**Your task:** Please repeat the whole listing exactly, but leave the pictures out.

**Information provided:**
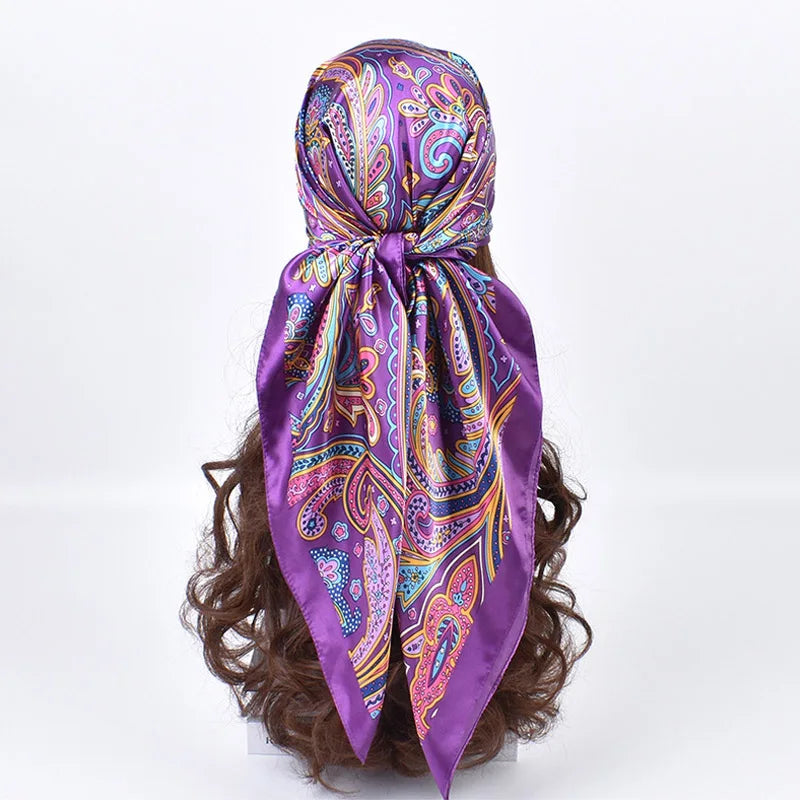 Le Foulard en Soie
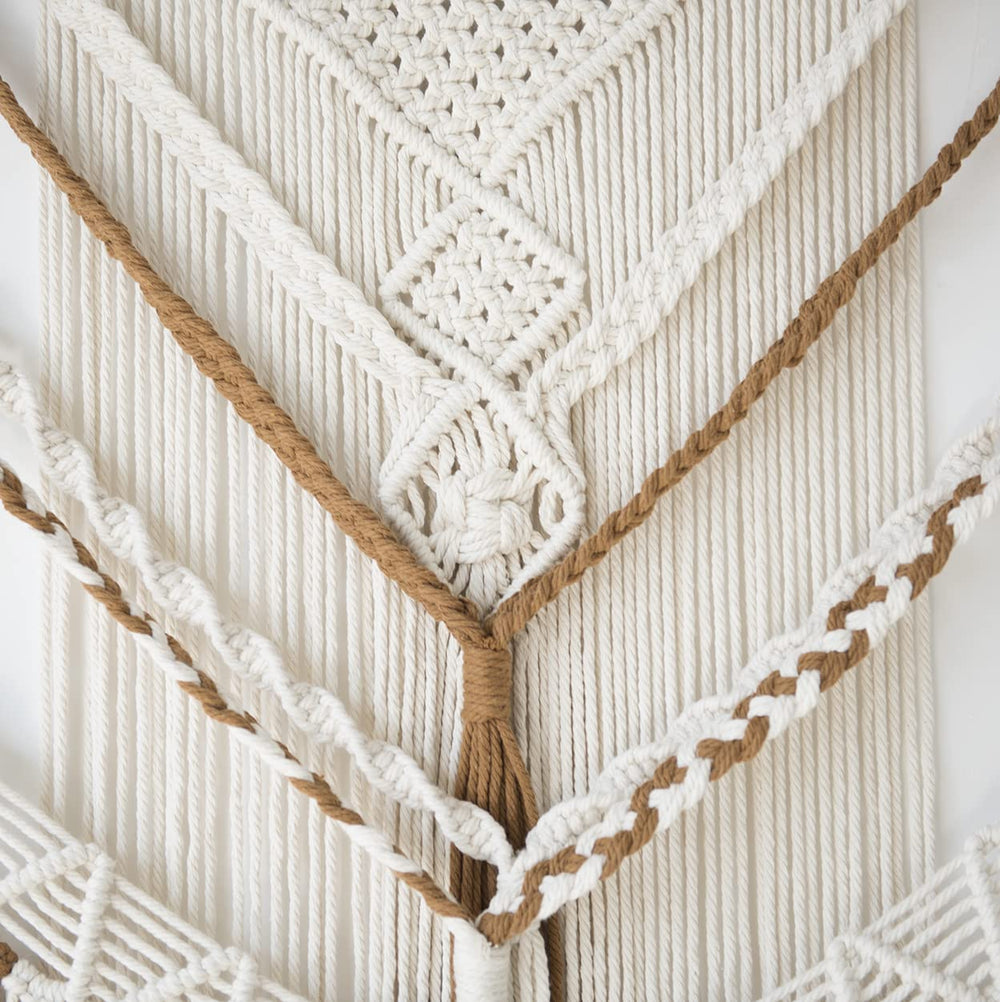 Macrame Wall Hanging Wall Decor - From Where - 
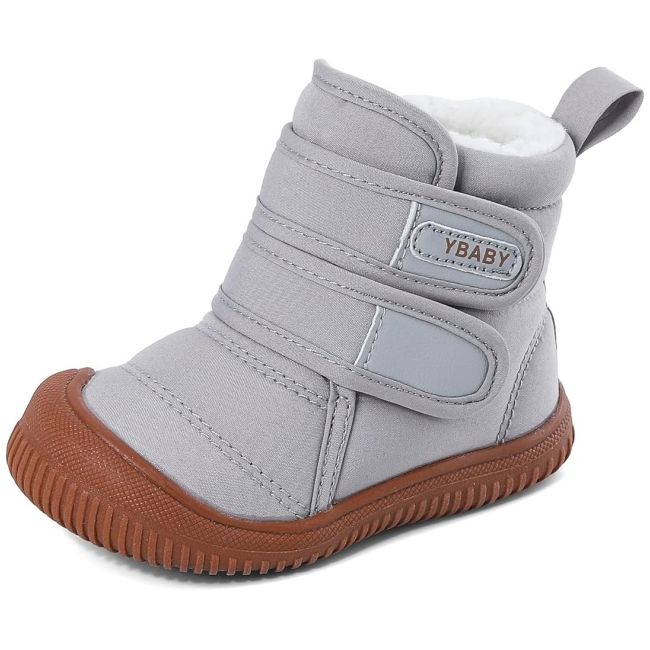 Cizme gri imblanite - mybaby mdmy557-3-c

**Answer to this task:**
 Le Foulard en Soie
 Macrame Wall Hanging Wall Decor - From Where - 
 Cizme gri imblanite - mybaby mdmy557-3-c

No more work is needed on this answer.